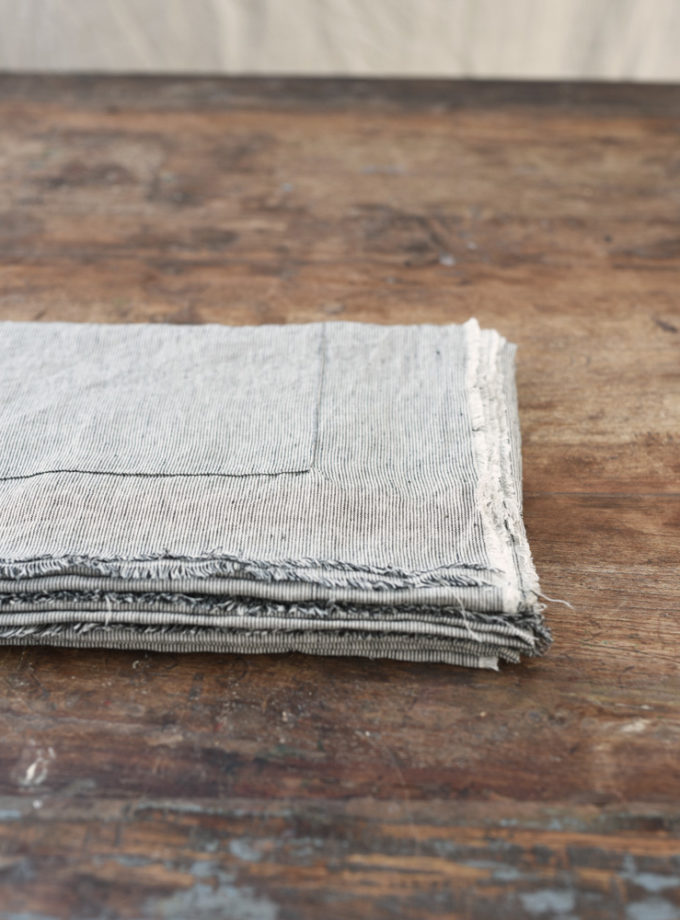 Lniany obrus Dzikie Pola - słomkowe paski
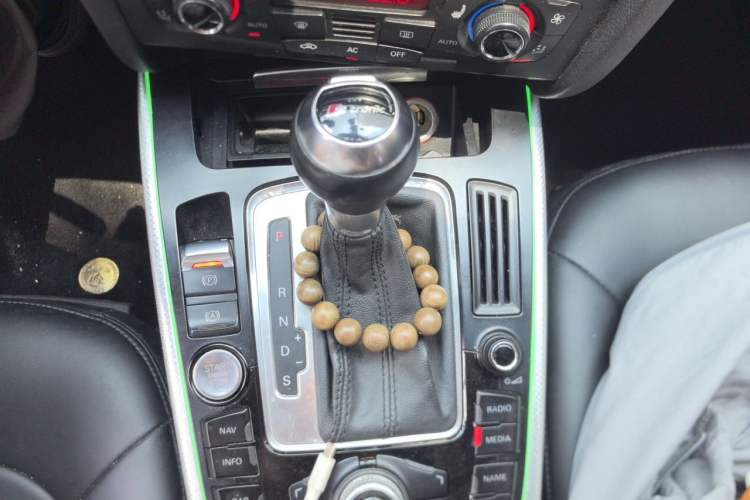 Used Audi A5 2012 2.0TFSI Sportback Gear Lever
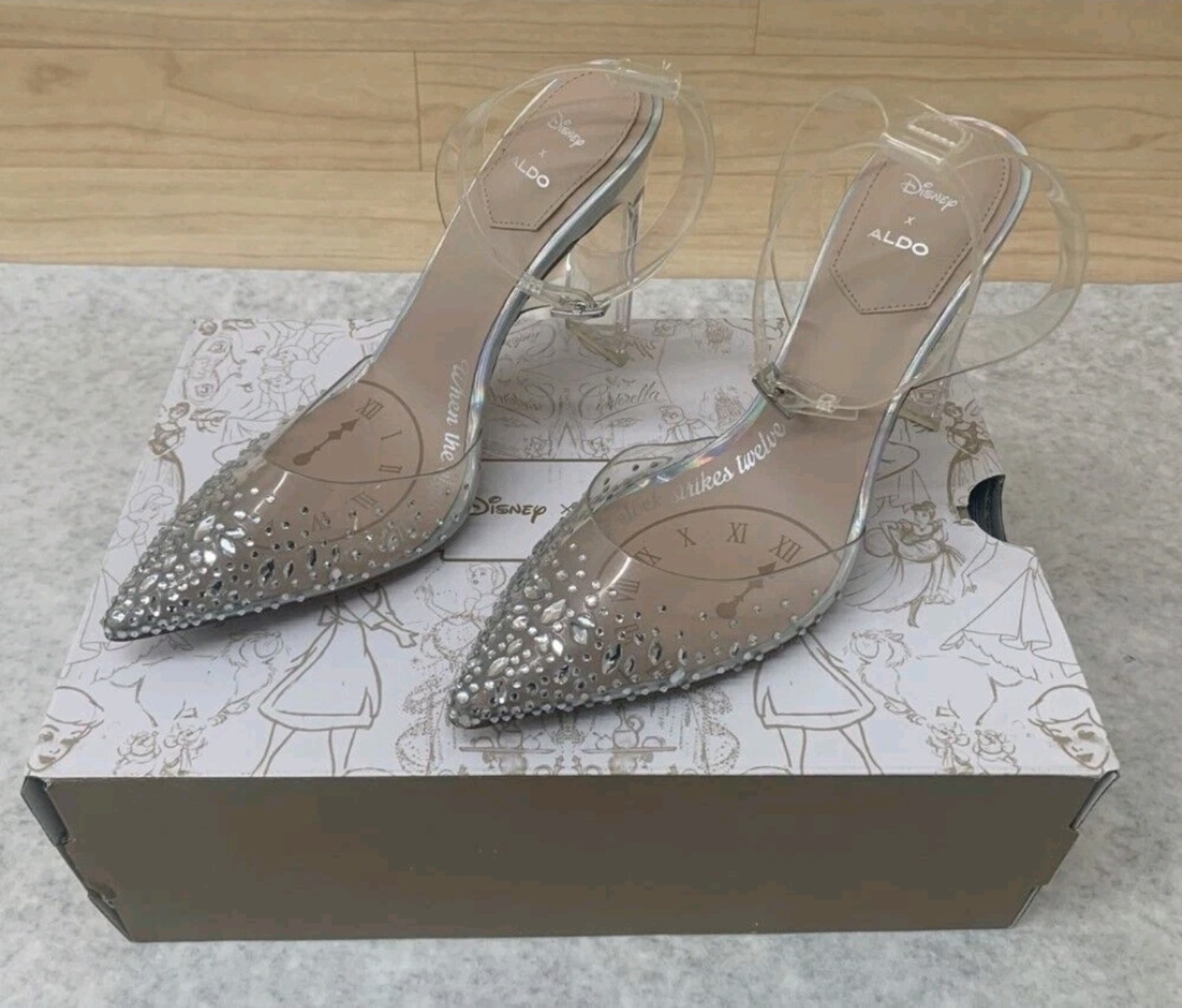 Disney Aldo Heels Shoes Size 6 Womens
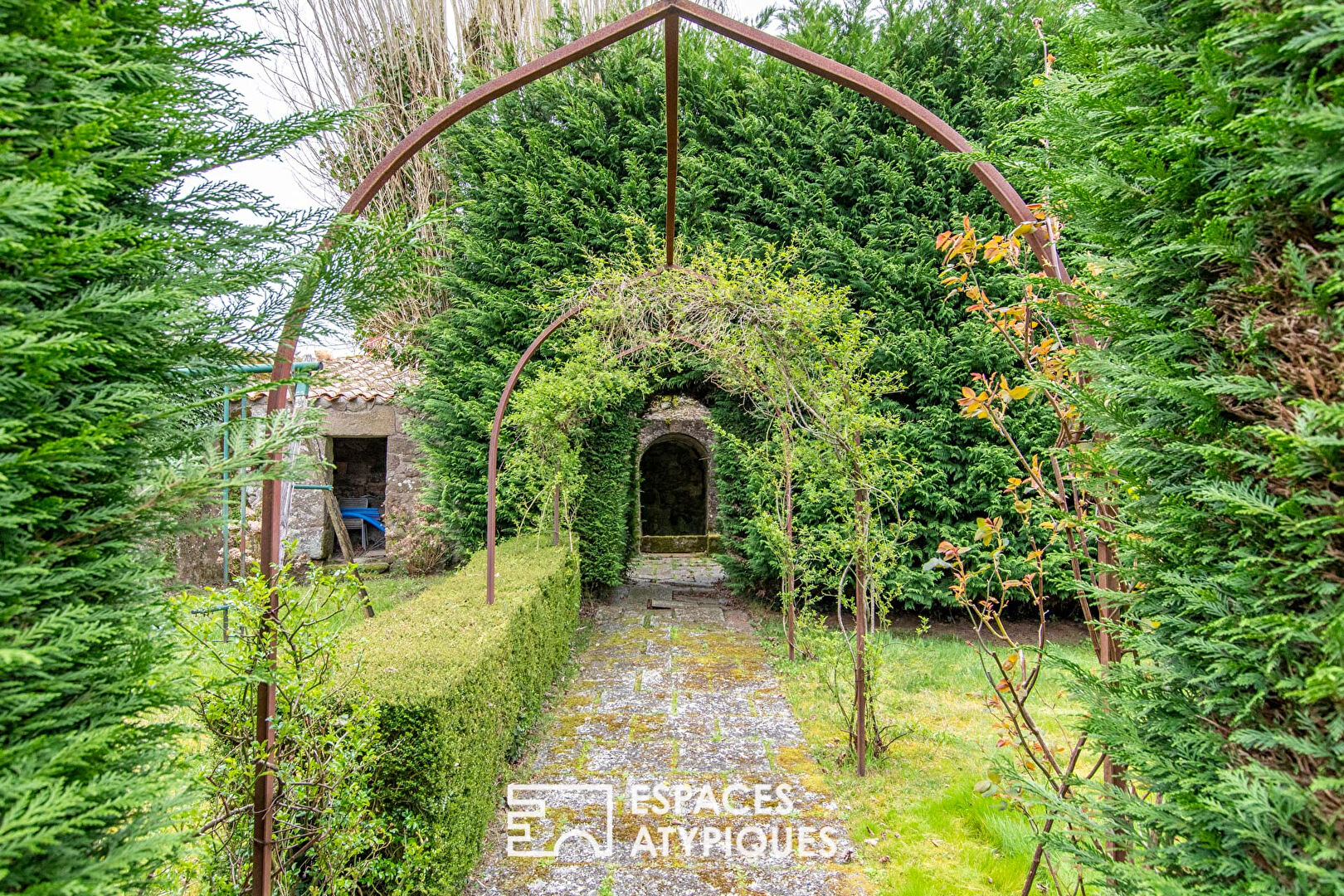 Vendée lodge with swimming pool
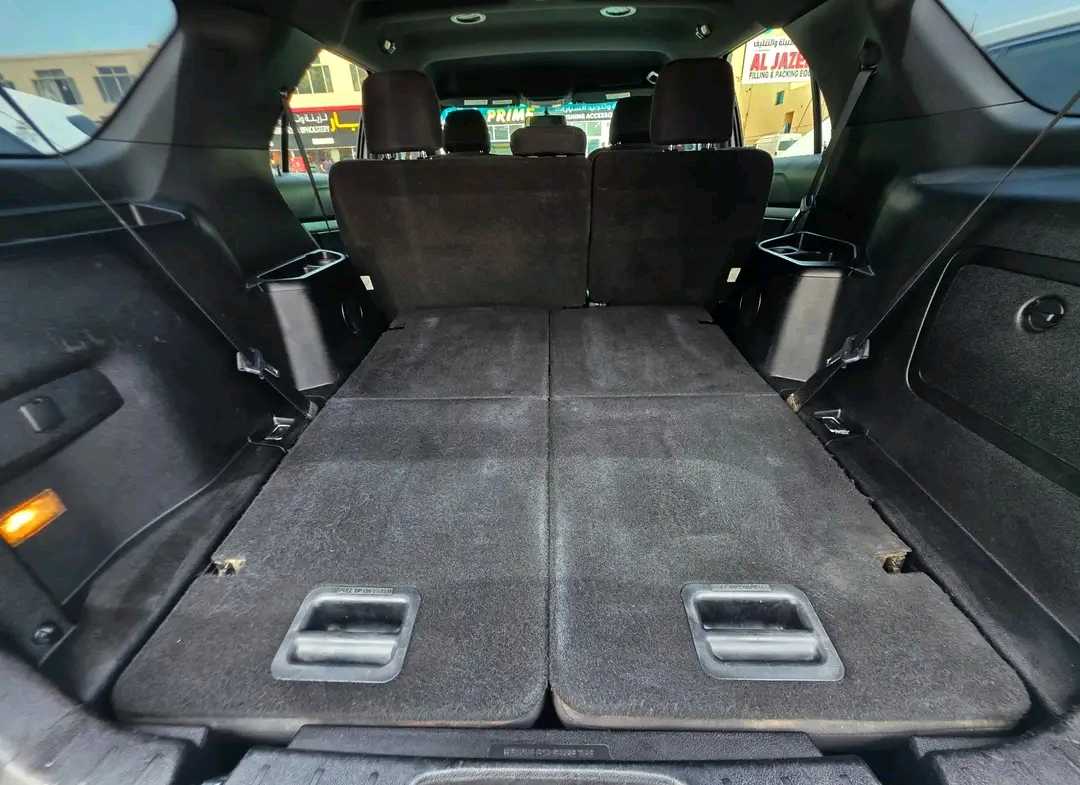 Car Image 2017 FORD EXPLORER 
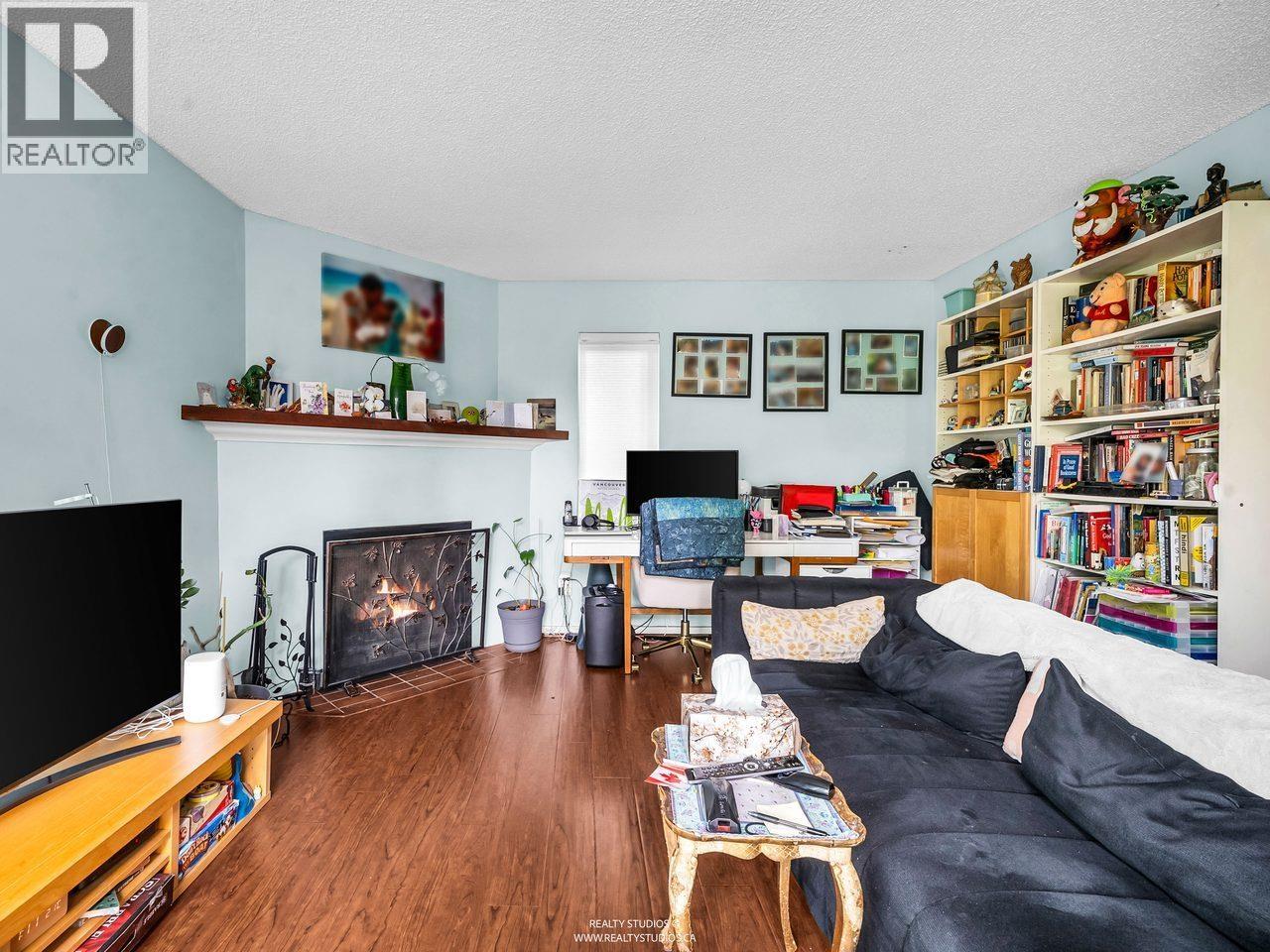 1330 W 7th Avenue Property Photo 10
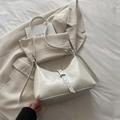 Bolso hobo minimalista de cuero brillante blanco roto con correa ajustable y remaches - Blanco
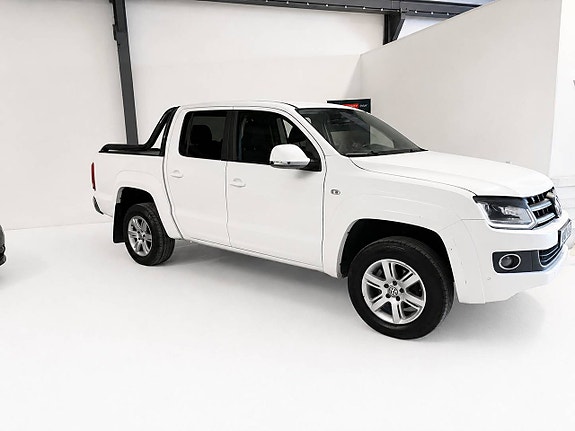 Volkswagen Amarok 2 of 5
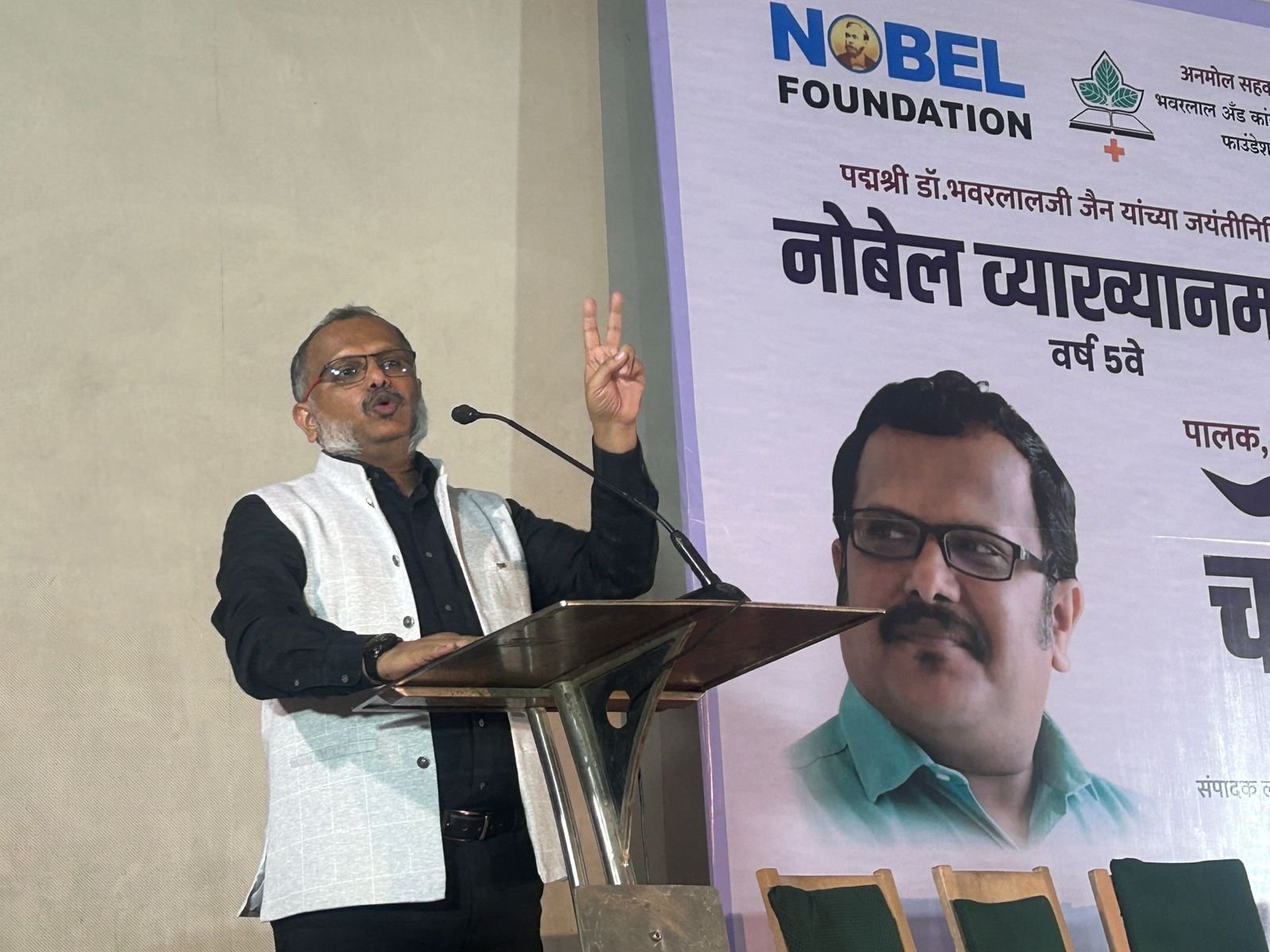 आपल्या मुलांना आधी माणूस म्हणून घडवा – संजय आवटे  नोबेल व्याख्यानमालेत प्रतिपादन इस्रो सहलीसाठी निवड झालेल्या विद्यार्थ्यांचा सन्मान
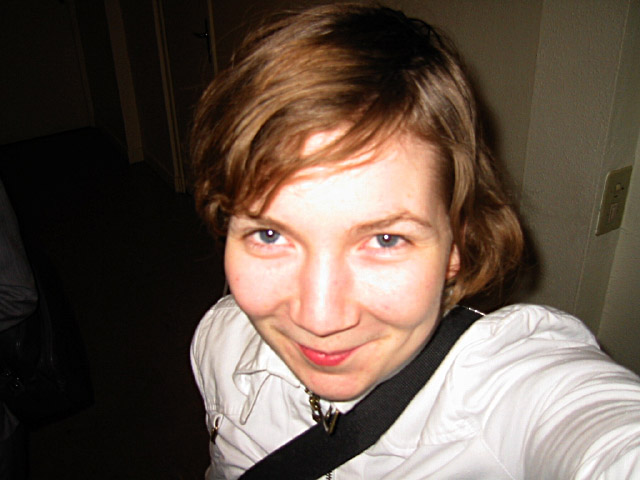 Amandine se prend en photo avec mon appareil
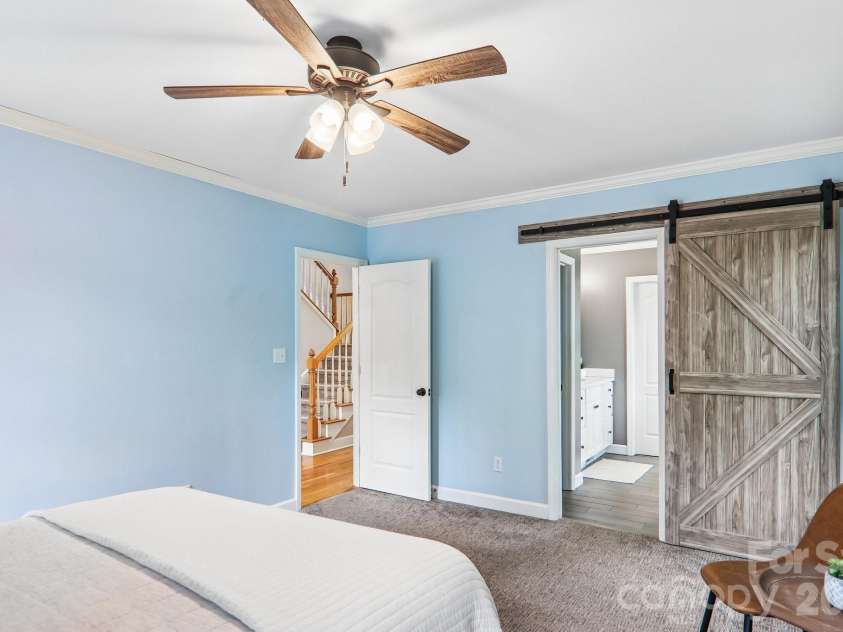 104 Meadow Lake Road, Asheville, NC 28803.  MLS# CAR4394074, YatesRealty ID 36123.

· · · · · · ·

### What to produce
Your copy should hold only the lines running from the one that contains "आपल्या मुलांना आधी" through the final line of the data; transcribe them exactly, both ends included, and leave pictures out.

### Expected output
 आपल्या मुलांना आधी माणूस म्हणून घडवा – संजय आवटे  नोबेल व्याख्यानमालेत प्रतिपादन इस्रो सहलीसाठी निवड झालेल्या विद्यार्थ्यांचा सन्मान
 Amandine se prend en photo avec mon appareil
 104 Meadow Lake Road, Asheville, NC 28803.  MLS# CAR4394074, YatesRealty ID 36123.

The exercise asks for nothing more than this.